== Data records

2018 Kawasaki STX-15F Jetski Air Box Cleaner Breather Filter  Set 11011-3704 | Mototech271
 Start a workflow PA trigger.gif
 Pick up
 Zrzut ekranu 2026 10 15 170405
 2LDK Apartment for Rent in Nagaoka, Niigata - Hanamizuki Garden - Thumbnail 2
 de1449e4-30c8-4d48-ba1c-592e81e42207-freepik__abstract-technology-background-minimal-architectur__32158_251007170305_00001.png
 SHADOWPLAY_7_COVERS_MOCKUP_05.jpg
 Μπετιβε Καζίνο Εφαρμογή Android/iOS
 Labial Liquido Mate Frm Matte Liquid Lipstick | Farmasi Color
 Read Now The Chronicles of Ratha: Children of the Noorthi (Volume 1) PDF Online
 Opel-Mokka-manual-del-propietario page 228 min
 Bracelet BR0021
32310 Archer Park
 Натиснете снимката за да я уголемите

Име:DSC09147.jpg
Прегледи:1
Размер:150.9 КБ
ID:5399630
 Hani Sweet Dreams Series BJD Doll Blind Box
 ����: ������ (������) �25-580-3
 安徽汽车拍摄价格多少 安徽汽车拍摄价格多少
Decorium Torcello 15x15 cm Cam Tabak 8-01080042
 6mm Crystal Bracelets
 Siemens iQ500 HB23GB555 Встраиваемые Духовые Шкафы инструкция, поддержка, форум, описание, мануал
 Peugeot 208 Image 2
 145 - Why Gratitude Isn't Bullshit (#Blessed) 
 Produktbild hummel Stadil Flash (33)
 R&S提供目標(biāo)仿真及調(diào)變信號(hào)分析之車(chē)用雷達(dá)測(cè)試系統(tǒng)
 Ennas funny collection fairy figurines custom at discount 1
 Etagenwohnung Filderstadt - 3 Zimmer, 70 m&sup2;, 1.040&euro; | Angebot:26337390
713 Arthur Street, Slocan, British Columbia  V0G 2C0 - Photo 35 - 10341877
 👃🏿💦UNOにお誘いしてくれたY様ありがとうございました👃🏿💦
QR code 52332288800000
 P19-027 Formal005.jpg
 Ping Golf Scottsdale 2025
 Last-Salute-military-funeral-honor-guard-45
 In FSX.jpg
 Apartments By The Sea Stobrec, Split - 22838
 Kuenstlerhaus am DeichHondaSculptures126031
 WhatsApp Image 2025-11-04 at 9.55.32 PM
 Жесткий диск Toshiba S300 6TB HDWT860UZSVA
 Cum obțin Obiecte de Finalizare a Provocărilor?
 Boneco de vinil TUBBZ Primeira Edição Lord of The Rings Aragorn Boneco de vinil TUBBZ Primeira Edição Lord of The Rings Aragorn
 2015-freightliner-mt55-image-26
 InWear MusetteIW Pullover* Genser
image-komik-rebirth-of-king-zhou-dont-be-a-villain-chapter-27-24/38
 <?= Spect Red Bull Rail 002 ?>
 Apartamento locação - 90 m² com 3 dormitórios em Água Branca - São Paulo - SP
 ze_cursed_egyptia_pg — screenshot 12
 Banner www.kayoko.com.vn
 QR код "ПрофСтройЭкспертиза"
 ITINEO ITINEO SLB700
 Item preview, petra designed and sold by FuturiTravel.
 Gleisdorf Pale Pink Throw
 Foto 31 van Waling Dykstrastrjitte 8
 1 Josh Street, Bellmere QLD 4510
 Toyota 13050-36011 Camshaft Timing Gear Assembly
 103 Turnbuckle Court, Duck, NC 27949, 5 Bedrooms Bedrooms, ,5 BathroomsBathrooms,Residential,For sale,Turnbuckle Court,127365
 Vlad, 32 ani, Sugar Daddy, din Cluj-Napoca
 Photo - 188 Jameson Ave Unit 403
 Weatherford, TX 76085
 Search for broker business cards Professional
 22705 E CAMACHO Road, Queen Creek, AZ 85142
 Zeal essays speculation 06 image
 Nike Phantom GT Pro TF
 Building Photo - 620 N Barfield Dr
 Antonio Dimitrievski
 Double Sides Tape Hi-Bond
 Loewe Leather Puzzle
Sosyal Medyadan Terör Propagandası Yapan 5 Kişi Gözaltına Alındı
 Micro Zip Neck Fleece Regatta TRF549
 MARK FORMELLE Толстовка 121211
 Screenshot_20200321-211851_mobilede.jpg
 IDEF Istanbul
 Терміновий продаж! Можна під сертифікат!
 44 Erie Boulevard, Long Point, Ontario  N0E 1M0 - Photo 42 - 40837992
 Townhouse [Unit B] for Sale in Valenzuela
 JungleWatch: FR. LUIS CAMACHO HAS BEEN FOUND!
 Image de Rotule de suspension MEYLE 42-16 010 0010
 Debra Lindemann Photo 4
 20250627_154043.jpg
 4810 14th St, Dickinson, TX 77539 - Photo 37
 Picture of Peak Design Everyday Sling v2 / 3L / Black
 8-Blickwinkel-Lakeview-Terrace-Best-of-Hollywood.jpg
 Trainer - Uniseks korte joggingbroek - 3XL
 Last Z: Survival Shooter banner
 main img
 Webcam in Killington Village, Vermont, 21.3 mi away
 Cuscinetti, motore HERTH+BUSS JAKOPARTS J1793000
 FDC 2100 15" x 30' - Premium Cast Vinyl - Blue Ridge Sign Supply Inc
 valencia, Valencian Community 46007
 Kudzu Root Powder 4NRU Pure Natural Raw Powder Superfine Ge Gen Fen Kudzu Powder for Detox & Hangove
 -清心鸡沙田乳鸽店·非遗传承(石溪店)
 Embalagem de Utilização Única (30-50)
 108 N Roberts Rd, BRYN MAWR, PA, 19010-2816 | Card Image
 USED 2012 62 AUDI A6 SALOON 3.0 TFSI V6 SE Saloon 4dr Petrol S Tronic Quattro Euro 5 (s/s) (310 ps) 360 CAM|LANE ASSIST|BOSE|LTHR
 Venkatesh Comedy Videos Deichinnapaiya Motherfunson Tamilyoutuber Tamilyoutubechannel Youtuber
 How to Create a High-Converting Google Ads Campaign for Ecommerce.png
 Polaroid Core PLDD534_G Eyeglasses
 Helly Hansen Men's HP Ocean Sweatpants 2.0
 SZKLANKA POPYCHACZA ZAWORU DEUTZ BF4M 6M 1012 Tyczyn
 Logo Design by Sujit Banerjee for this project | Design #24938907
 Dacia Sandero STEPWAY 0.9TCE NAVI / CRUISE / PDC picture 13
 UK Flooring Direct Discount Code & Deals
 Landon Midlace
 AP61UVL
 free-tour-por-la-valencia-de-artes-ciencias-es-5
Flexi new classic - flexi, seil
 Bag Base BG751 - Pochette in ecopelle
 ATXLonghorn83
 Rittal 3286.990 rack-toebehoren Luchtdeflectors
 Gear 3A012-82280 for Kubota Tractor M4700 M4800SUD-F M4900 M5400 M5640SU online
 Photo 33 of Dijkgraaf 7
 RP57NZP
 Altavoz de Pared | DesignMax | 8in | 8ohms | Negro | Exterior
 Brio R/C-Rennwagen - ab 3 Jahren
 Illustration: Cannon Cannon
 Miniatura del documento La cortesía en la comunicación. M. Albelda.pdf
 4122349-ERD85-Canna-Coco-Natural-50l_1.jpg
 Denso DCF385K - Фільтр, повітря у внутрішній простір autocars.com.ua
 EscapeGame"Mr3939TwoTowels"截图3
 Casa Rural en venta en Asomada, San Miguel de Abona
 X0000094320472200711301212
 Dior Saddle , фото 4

====

## Assignment
Retype the material above, line by line, exactly.

## Output
2018 Kawasaki STX-15F Jetski Air Box Cleaner Breather Filter  Set 11011-3704 | Mototech271
 Start a workflow PA trigger.gif
 Pick up
 Zrzut ekranu 2026 10 15 170405
 2LDK Apartment for Rent in Nagaoka, Niigata - Hanamizuki Garden - Thumbnail 2
 de1449e4-30c8-4d48-ba1c-592e81e42207-freepik__abstract-technology-background-minimal-architectur__32158_251007170305_00001.png
 SHADOWPLAY_7_COVERS_MOCKUP_05.jpg
 Μπετιβε Καζίνο Εφαρμογή Android/iOS
 Labial Liquido Mate Frm Matte Liquid Lipstick | Farmasi Color
 Read Now The Chronicles of Ratha: Children of the Noorthi (Volume 1) PDF Online
 Opel-Mokka-manual-del-propietario page 228 min
 Bracelet BR0021
32310 Archer Park
 Натиснете снимката за да я уголемите

Име:DSC09147.jpg
Прегледи:1
Размер:150.9 КБ
ID:5399630
 Hani Sweet Dreams Series BJD Doll Blind Box
 ����: ������ (������) �25-580-3
 安徽汽车拍摄价格多少 安徽汽车拍摄价格多少
Decorium Torcello 15x15 cm Cam Tabak 8-01080042
 6mm Crystal Bracelets
 Siemens iQ500 HB23GB555 Встраиваемые Духовые Шкафы инструкция, поддержка, форум, описание, мануал
 Peugeot 208 Image 2
 145 - Why Gratitude Isn't Bullshit (#Blessed) 
 Produktbild hummel Stadil Flash (33)
 R&S提供目標(biāo)仿真及調(diào)變信號(hào)分析之車(chē)用雷達(dá)測(cè)試系統(tǒng)
 Ennas funny collection fairy figurines custom at discount 1
 Etagenwohnung Filderstadt - 3 Zimmer, 70 m&sup2;, 1.040&euro; | Angebot:26337390
713 Arthur Street, Slocan, British Columbia  V0G 2C0 - Photo 35 - 10341877
 👃🏿💦UNOにお誘いしてくれたY様ありがとうございました👃🏿💦
QR code 52332288800000
 P19-027 Formal005.jpg
 Ping Golf Scottsdale 2025
 Last-Salute-military-funeral-honor-guard-45
 In FSX.jpg
 Apartments By The Sea Stobrec, Split - 22838
 Kuenstlerhaus am DeichHondaSculptures126031
 WhatsApp Image 2025-11-04 at 9.55.32 PM
 Жесткий диск Toshiba S300 6TB HDWT860UZSVA
 Cum obțin Obiecte de Finalizare a Provocărilor?
 Boneco de vinil TUBBZ Primeira Edição Lord of The Rings Aragorn Boneco de vinil TUBBZ Primeira Edição Lord of The Rings Aragorn
 2015-freightliner-mt55-image-26
 InWear MusetteIW Pullover* Genser
image-komik-rebirth-of-king-zhou-dont-be-a-villain-chapter-27-24/38
 <?= Spect Red Bull Rail 002 ?>
 Apartamento locação - 90 m² com 3 dormitórios em Água Branca - São Paulo - SP
 ze_cursed_egyptia_pg — screenshot 12
 Banner www.kayoko.com.vn
 QR код "ПрофСтройЭкспертиза"
 ITINEO ITINEO SLB700
 Item preview, petra designed and sold by FuturiTravel.
 Gleisdorf Pale Pink Throw
 Foto 31 van Waling Dykstrastrjitte 8
 1 Josh Street, Bellmere QLD 4510
 Toyota 13050-36011 Camshaft Timing Gear Assembly
 103 Turnbuckle Court, Duck, NC 27949, 5 Bedrooms Bedrooms, ,5 BathroomsBathrooms,Residential,For sale,Turnbuckle Court,127365
 Vlad, 32 ani, Sugar Daddy, din Cluj-Napoca
 Photo - 188 Jameson Ave Unit 403
 Weatherford, TX 76085
 Search for broker business cards Professional
 22705 E CAMACHO Road, Queen Creek, AZ 85142
 Zeal essays speculation 06 image
 Nike Phantom GT Pro TF
 Building Photo - 620 N Barfield Dr
 Antonio Dimitrievski
 Double Sides Tape Hi-Bond
 Loewe Leather Puzzle
Sosyal Medyadan Terör Propagandası Yapan 5 Kişi Gözaltına Alındı
 Micro Zip Neck Fleece Regatta TRF549
 MARK FORMELLE Толстовка 121211
 Screenshot_20200321-211851_mobilede.jpg
 IDEF Istanbul
 Терміновий продаж! Можна під сертифікат!
 44 Erie Boulevard, Long Point, Ontario  N0E 1M0 - Photo 42 - 40837992
 Townhouse [Unit B] for Sale in Valenzuela
 JungleWatch: FR. LUIS CAMACHO HAS BEEN FOUND!
 Image de Rotule de suspension MEYLE 42-16 010 0010
 Debra Lindemann Photo 4
 20250627_154043.jpg
 4810 14th St, Dickinson, TX 77539 - Photo 37
 Picture of Peak Design Everyday Sling v2 / 3L / Black
 8-Blickwinkel-Lakeview-Terrace-Best-of-Hollywood.jpg
 Trainer - Uniseks korte joggingbroek - 3XL
 Last Z: Survival Shooter banner
 main img
 Webcam in Killington Village, Vermont, 21.3 mi away
 Cuscinetti, motore HERTH+BUSS JAKOPARTS J1793000
 FDC 2100 15" x 30' - Premium Cast Vinyl - Blue Ridge Sign Supply Inc
 valencia, Valencian Community 46007
 Kudzu Root Powder 4NRU Pure Natural Raw Powder Superfine Ge Gen Fen Kudzu Powder for Detox & Hangove
 -清心鸡沙田乳鸽店·非遗传承(石溪店)
 Embalagem de Utilização Única (30-50)
 108 N Roberts Rd, BRYN MAWR, PA, 19010-2816 | Card Image
 USED 2012 62 AUDI A6 SALOON 3.0 TFSI V6 SE Saloon 4dr Petrol S Tronic Quattro Euro 5 (s/s) (310 ps) 360 CAM|LANE ASSIST|BOSE|LTHR
 Venkatesh Comedy Videos Deichinnapaiya Motherfunson Tamilyoutuber Tamilyoutubechannel Youtuber
 How to Create a High-Converting Google Ads Campaign for Ecommerce.png
 Polaroid Core PLDD534_G Eyeglasses
 Helly Hansen Men's HP Ocean Sweatpants 2.0
 SZKLANKA POPYCHACZA ZAWORU DEUTZ BF4M 6M 1012 Tyczyn
 Logo Design by Sujit Banerjee for this project | Design #24938907
 Dacia Sandero STEPWAY 0.9TCE NAVI / CRUISE / PDC picture 13
 UK Flooring Direct Discount Code & Deals
 Landon Midlace
 AP61UVL
 free-tour-por-la-valencia-de-artes-ciencias-es-5
Flexi new classic - flexi, seil
 Bag Base BG751 - Pochette in ecopelle
 ATXLonghorn83
 Rittal 3286.990 rack-toebehoren Luchtdeflectors
 Gear 3A012-82280 for Kubota Tractor M4700 M4800SUD-F M4900 M5400 M5640SU online
 Photo 33 of Dijkgraaf 7
 RP57NZP
 Altavoz de Pared | DesignMax | 8in | 8ohms | Negro | Exterior
 Brio R/C-Rennwagen - ab 3 Jahren
 Illustration: Cannon Cannon
 Miniatura del documento La cortesía en la comunicación. M. Albelda.pdf
 4122349-ERD85-Canna-Coco-Natural-50l_1.jpg
 Denso DCF385K - Фільтр, повітря у внутрішній простір autocars.com.ua
 EscapeGame"Mr3939TwoTowels"截图3
 Casa Rural en venta en Asomada, San Miguel de Abona
 X0000094320472200711301212
 Dior Saddle , фото 4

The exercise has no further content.